= Richard Wyche (merchant) =

Richard Wyche (pronounced Whyche) (1554–1621) was a London shipowner, explorer, and merchant.

==Origins==
Richard Wyche was born in 1554 in Davenham, Cheshire. He was the son of Richard Wyche (1525–1594) and Margaret Haughton. He was descended from a Lord Mayor of London in the fifteenth century, Henry Wyche.

==Career as an adventurer==
He was on the first Committee of Directors of the English East India Company, assisted in the formation of the North West Company in 1612, and was among the adventurers of the Muscovy Company.

Wiche Islands or Wiche's Land (discovered and named in 1617, and now erroneously called Kong Karls Land), Wichebukta (on the east coast of Spitsbergen), Wichefjellet (also on the Spitsbergen's east coast), and Wiche Sound (named and discovered in 1614 and now called Liefdefjorden and Woodfjorden) were all named after him.

==Marriage and family==
Richard Wyche, Gentleman and Mercer, married Elizabeth Saltonstall on 18 February 1583/4 at St Dunstan in the East, London She was the daughter of Sir Richard Saltonstall, Member of Parliament and Lord Mayor of London. Elizabeth's first cousin was another Sir Richard Saltonstall, who in 1630 established a settlement in the Massachusetts Bay Colony.

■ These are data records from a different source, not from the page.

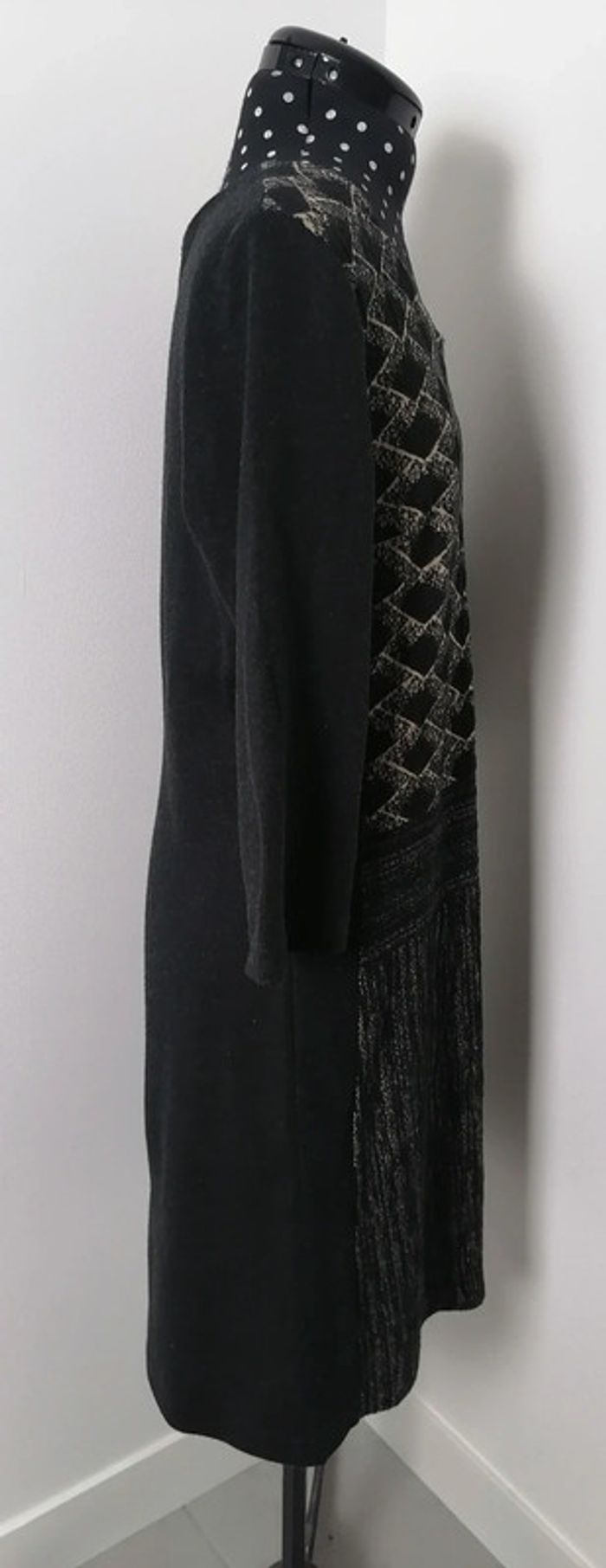 Robe d'hiver motif géométrique noir beige tendance Taille M La Fée Maraboutée - photo numéro 3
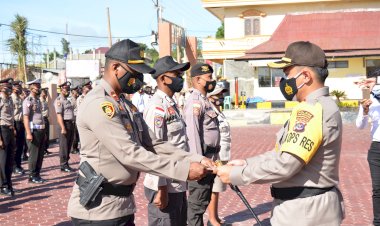 4 -Personil-Berprestasi,-Kapolres-TTS-Beri-Penghargaan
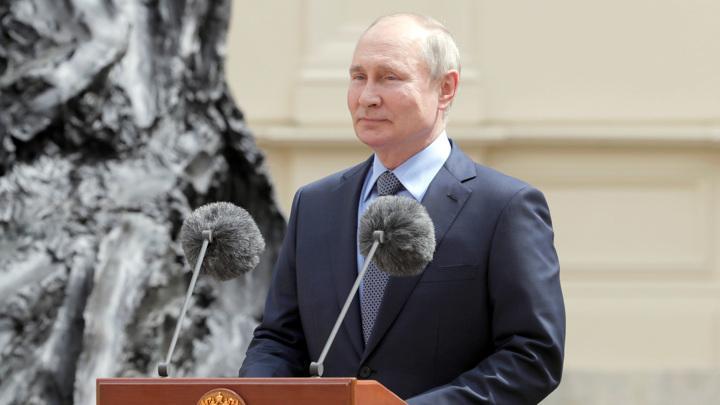Владимир Путин анонсировал запуск просветительских проектов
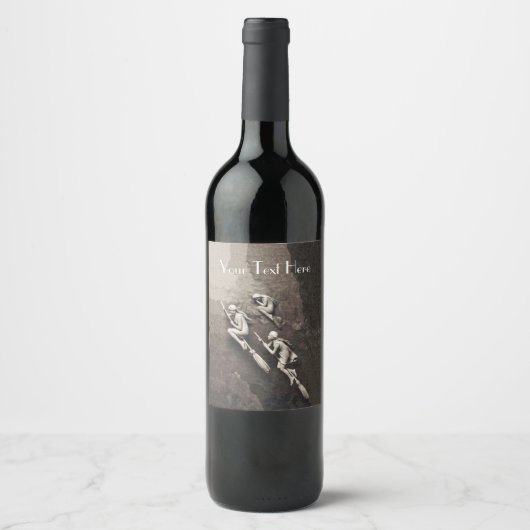 Drie Witte Witches vliegen op Brooms op Browns Wijn Etiket (Voorkant)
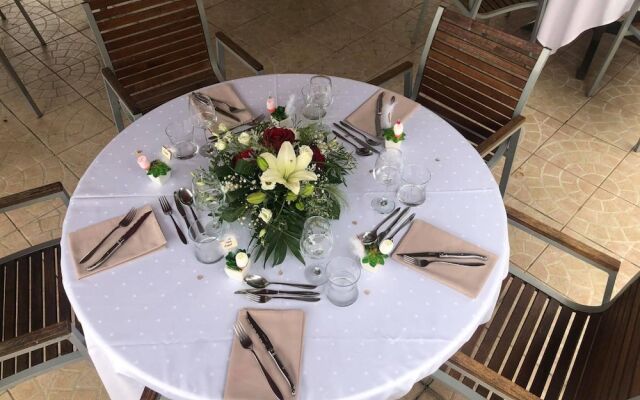 Hotel Au Feu de Bois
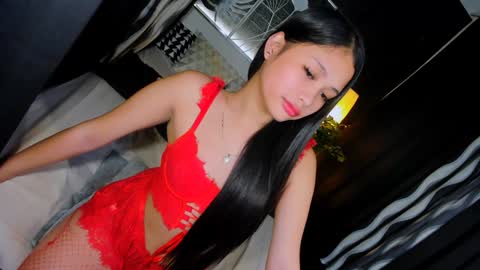 Snapshot of sierracoxriches chatting on January 20, 2025, 2:32 am Belle online show from January 20, 2025, 2:32 am
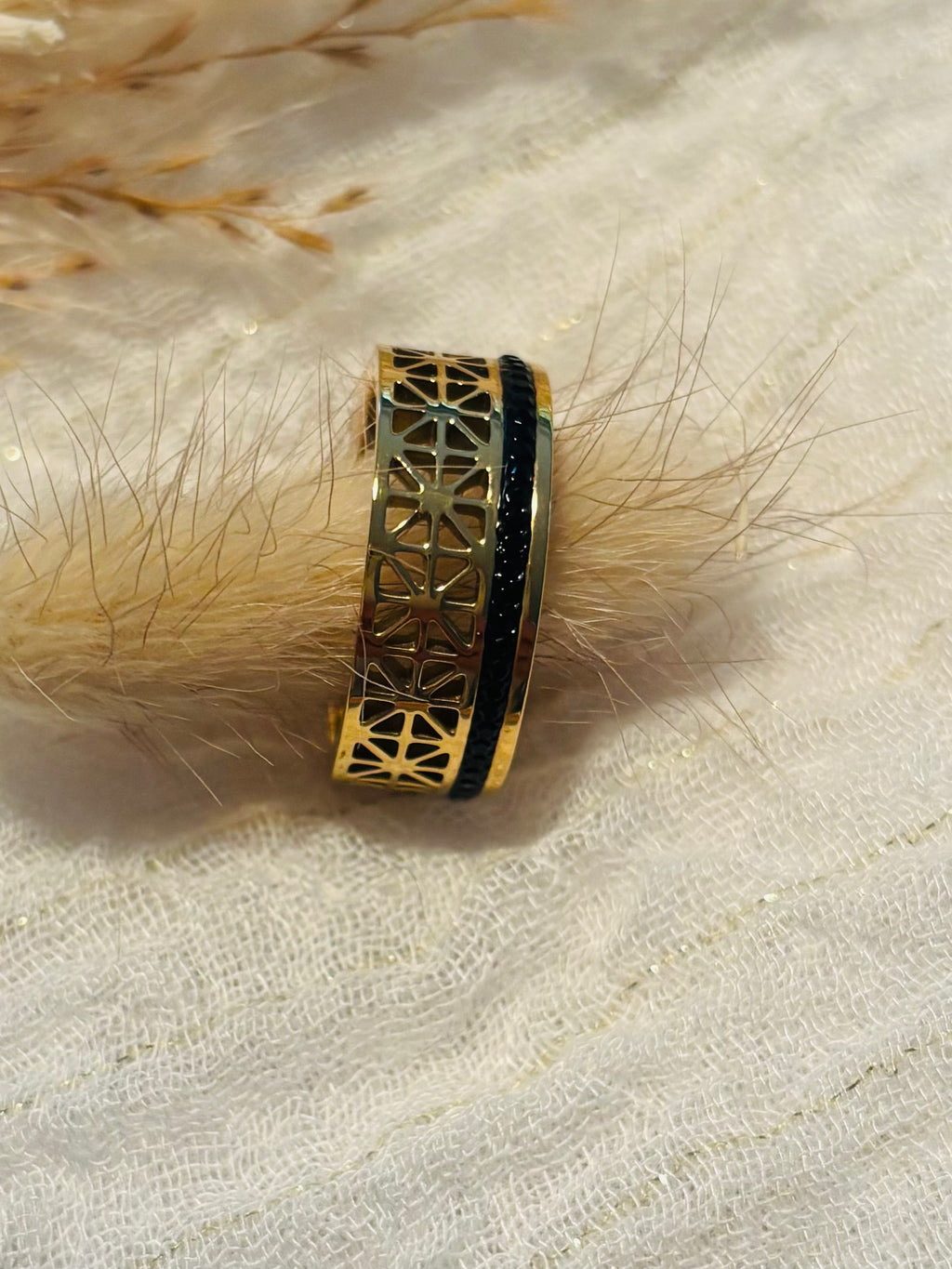 Bague en acier doré avec cristaux noirs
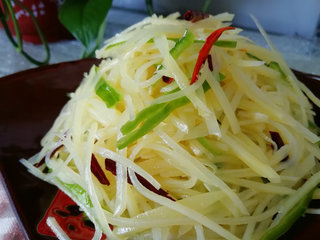 教你小窍门：土豆丝夏天这样做，脆嫩爽口，凉爽开胃1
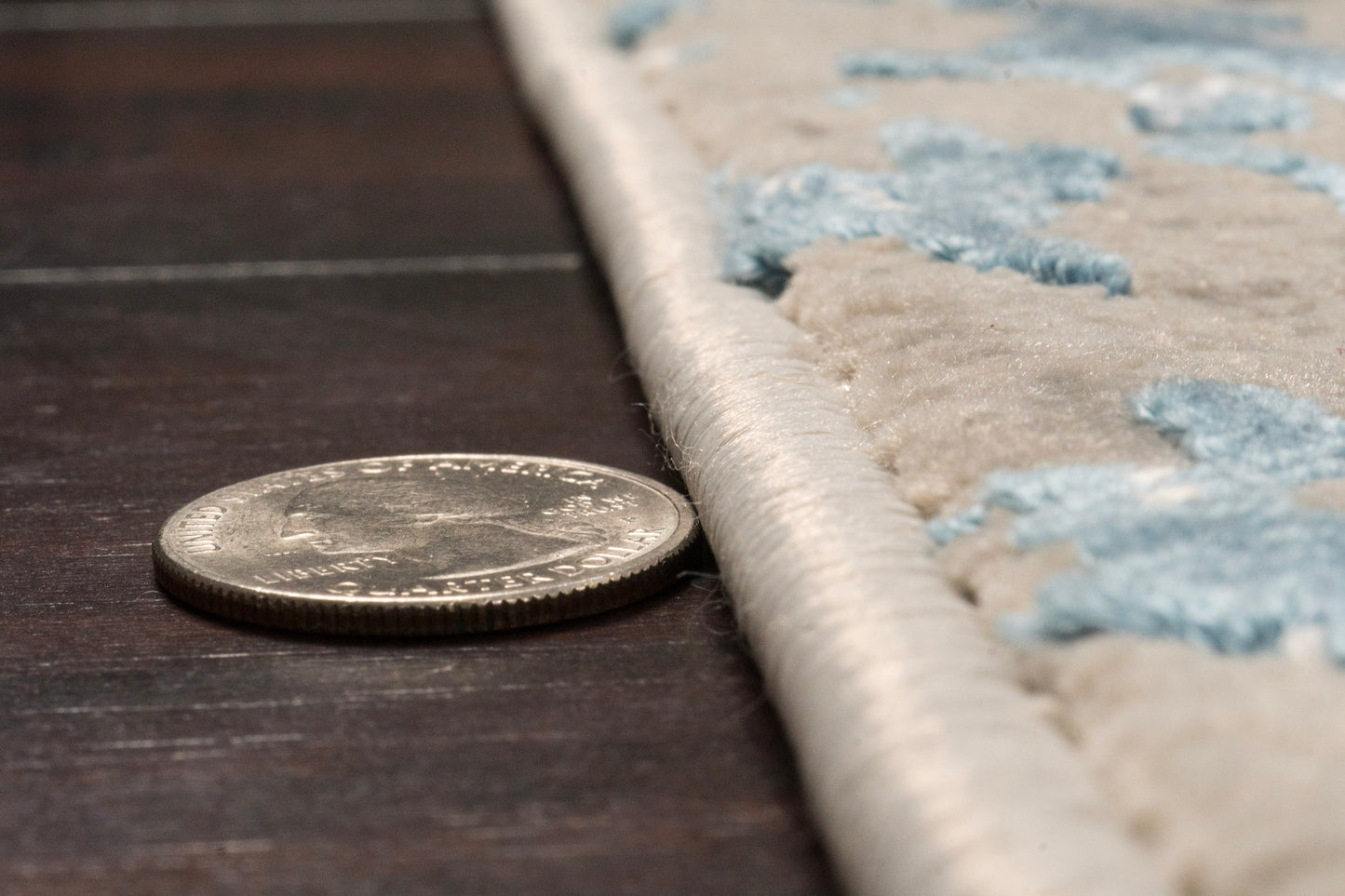 Quartz 27039-500 Ivory/Blue Area Rug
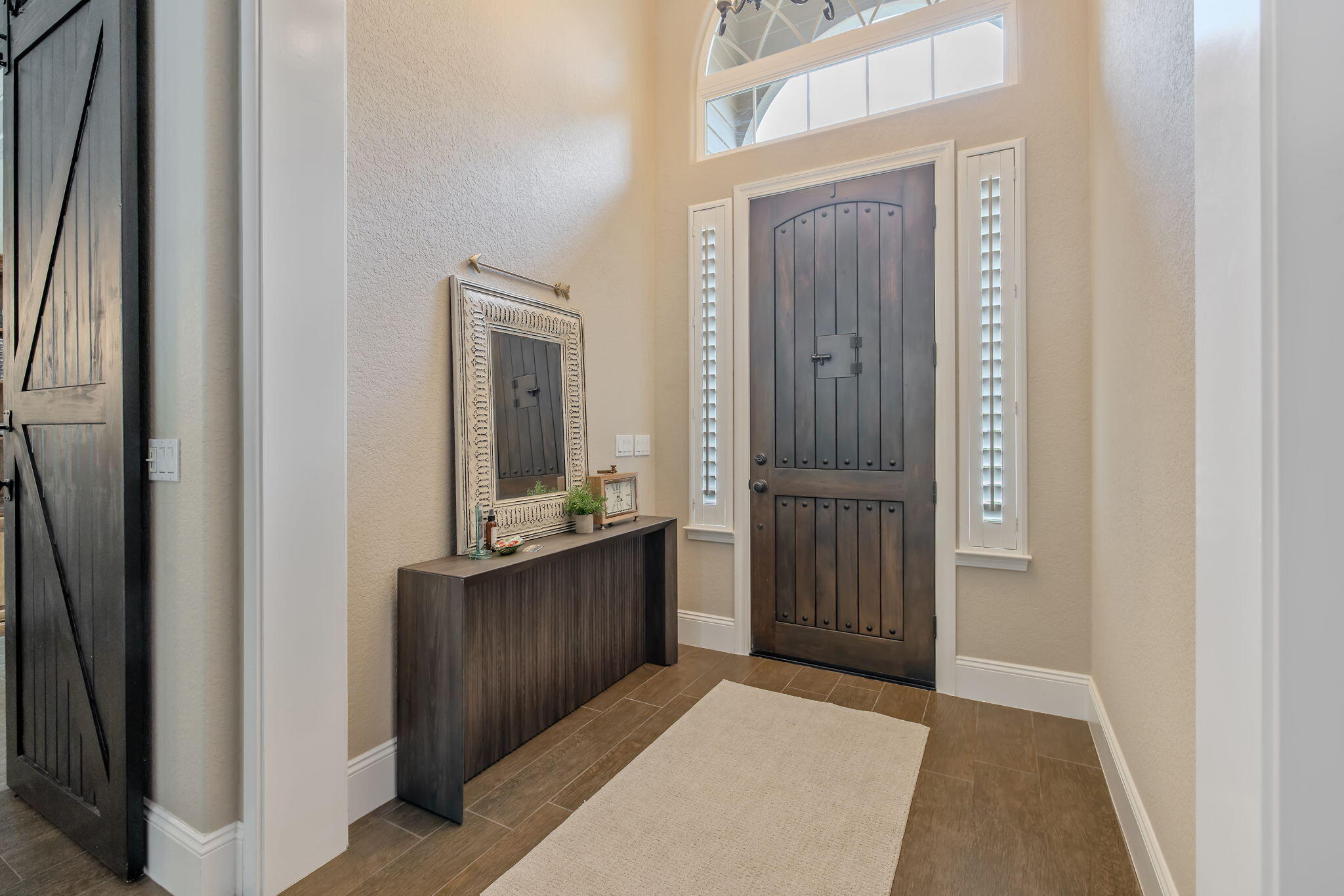 2015 S El Cajon Ct, Visalia, CA 93277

This couple had many children. Nathaniel Wyche lived in India and was President of the East India Company in the late 1650s. Another son was Sir Peter Wyche, Ambassador to Constantinople (Ottoman Empire), who married Jane Meredith. Their children included (the second) Sir Peter Wyche, Sir Cyril Wyche, and Lady Jane Wyche, who married John Granville, 1st Earl of Bath. Sir Peter Wyche was one of the Chancellors of Oxford University, and his sons Sir Cyril and Sir Peter were among the founding members of the British Royal Society. His daughter Jane Wyche Granville was Countess of Bath and Lady of the Bedchamber to Henrietta Maria of France, Queen Consort of King Charles I of England.

Richard died on 20 November 1621 and was buried on 26 November at St Dunstan-in-the-East, London.